Given information:
* * * * *

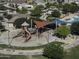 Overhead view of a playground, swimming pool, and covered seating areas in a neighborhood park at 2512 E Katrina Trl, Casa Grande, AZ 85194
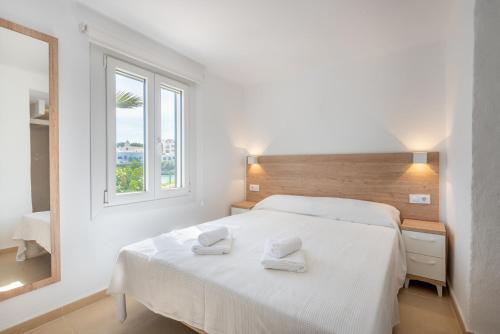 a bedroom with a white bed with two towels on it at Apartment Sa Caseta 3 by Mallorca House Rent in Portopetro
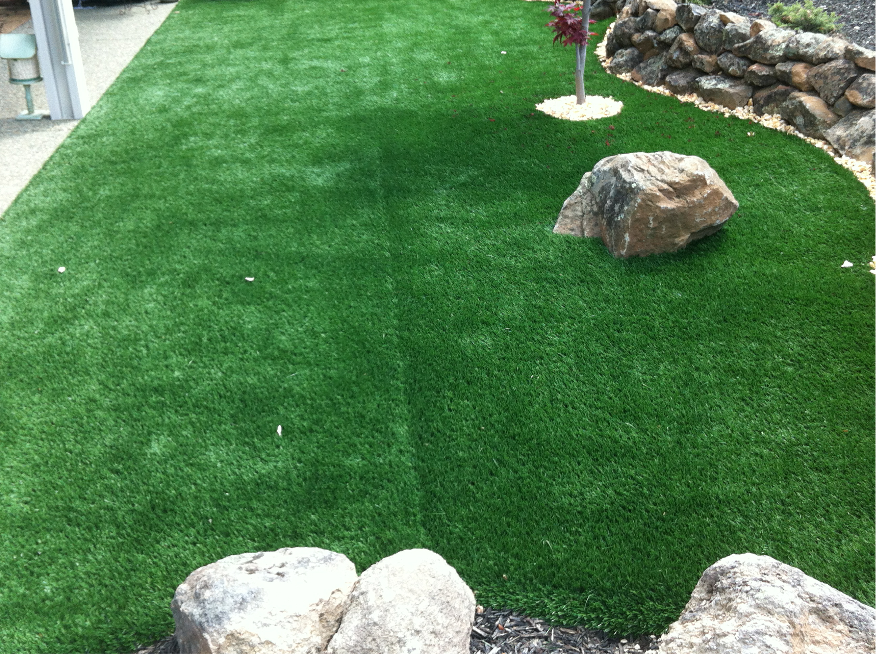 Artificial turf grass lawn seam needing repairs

* * * * *

Provide the listing above once more, exactly, with the pictures removed.

 Overhead view of a playground, swimming pool, and covered seating areas in a neighborhood park at 2512 E Katrina Trl, Casa Grande, AZ 85194
 a bedroom with a white bed with two towels on it at Apartment Sa Caseta 3 by Mallorca House Rent in Portopetro
 Artificial turf grass lawn seam needing repairs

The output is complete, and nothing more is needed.